- **HOW TO COMPLETE THIS TASK**:
Scan the records for "Venta". Show the matching lines.

Scraped caption text data
BEGIN
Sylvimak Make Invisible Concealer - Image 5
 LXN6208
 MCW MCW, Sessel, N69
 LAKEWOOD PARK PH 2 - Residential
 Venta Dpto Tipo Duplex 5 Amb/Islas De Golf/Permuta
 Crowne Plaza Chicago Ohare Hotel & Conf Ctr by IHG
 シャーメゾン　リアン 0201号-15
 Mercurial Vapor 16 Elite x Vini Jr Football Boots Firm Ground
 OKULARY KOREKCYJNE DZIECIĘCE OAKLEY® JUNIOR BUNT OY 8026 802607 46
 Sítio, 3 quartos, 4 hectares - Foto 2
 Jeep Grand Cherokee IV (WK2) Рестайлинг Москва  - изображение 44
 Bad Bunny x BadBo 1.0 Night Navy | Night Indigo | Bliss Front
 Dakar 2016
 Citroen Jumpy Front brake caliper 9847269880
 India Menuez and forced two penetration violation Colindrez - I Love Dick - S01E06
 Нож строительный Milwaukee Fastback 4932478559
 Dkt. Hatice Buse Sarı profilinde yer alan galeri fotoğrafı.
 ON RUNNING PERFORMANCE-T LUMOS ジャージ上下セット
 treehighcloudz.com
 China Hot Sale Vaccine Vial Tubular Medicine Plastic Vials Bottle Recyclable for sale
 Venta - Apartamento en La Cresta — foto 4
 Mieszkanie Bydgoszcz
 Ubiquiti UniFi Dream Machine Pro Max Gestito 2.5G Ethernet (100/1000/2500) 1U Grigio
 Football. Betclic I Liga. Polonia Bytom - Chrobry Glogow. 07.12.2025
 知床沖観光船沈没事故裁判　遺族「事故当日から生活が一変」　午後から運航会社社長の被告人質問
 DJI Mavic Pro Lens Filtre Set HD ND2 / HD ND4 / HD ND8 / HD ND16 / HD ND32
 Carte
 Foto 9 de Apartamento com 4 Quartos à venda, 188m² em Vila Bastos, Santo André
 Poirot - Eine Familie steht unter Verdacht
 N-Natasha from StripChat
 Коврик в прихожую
END
- **WRITTEN RESPONSE**:
 Venta Dpto Tipo Duplex 5 Amb/Islas De Golf/Permuta
 Venta - Apartamento en La Cresta — foto 4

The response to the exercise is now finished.